OK, let me try to clarify more thoroughly...
Firstly, I take as the premise of my discussion here that we are
building an AGI system which has explicit, abstract logical inference
as a significant component (e.g. PLN). If you want to argue for an
AGI path that is purely subsymbolic, then I'm not going to dispute the
viability of such a path, but I don't think it's optimal and anyway my
suggestion of Lojban for OpenCog is premised on the fact that PLN is a
big component of OpenCog...
The question then is how to map natural-language relationships into
logic relationships.... Four approaches are obvious given current
technologies:
1) Hand-code mapping rules in some form
2) Learn mapping rules via supervised learning, from a training corpus
3) Learn mapping rules via unsupervised learning, from e.g. a big
corpus of texts or speech
4) Learn mapping rules via an embodied system's experience, i.e. via
reinforcement and imitation learning combined with unsupervised
learning
...
(4) is obviously appealing to me. For (4) to work one probably needs
to hand-code mappings from nonlinguistic perception (e.g. vision,
audition) into logical representation, but this is perhaps less
problematic than hand-coding mappings from language into logic,
because vision and audition have simpler structures in a way
Without hand-coded mappings from nonlinguistic perception into logic,
it's hard to see how (4) would work *unless* one was also willing to
have the logic itself emerge via reinforcement/ imitation /
unsupervised learning. That is, unless one was willing to give up
starting from a fixed logic like PLN and let the logic be learned....
I think this is possible but IMO it gets into "evolution of a brain
architecture" territory rather than "learning within a brain
architecture" territory...
What I am hoping to do is seed (4) with a combination of (1) and (3)
Specifically, regarding (3), Linas and I already wrote a paper
pointing in the direction of what we want to do....
https://arxiv.org/abs/1401.3372
However, at the moment I don't personally see how that approach is
going to let us learn something analogous to the RelEx2Logic rules. I
think it can let us learn something analogous to the link parser
grammar plus the RelEx rules. But I don't see how the unsupervised
learning paradigm we describe there is going to learn rules that
connect to PLN logic specifically.... I can sorta imagine how this
might happen, but it seems really hard...

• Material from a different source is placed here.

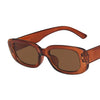 Retro Rectangle Sunglasses with UV400 Protection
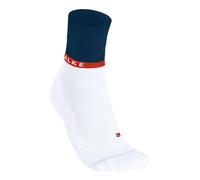 Falke RU4 Endurance Compression Chaussettes De Running Hommes-Blanc,Bleu Foncé, Taille 42-43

So then we could use our unsupervised learning method for (3) and then
do (4) just for learning R2L rules. That might be viable....
However, Lojban seems to me like it could yield a robust way of doing
(1), which could potentially accelerate the overall process of making
an AGI that really understands language...
Our current R2L rule-base is kind of a mess and is also very
incomplete. So if we're going to do practical NLP dialogue
applications with OpenCog in the near future we need to either
extend/improve R2L or replace it. Taking approach (4) or "(4) on top
of (3)" is too researchy and difficult to be relevant to near-term
application development, though it's an important research direction..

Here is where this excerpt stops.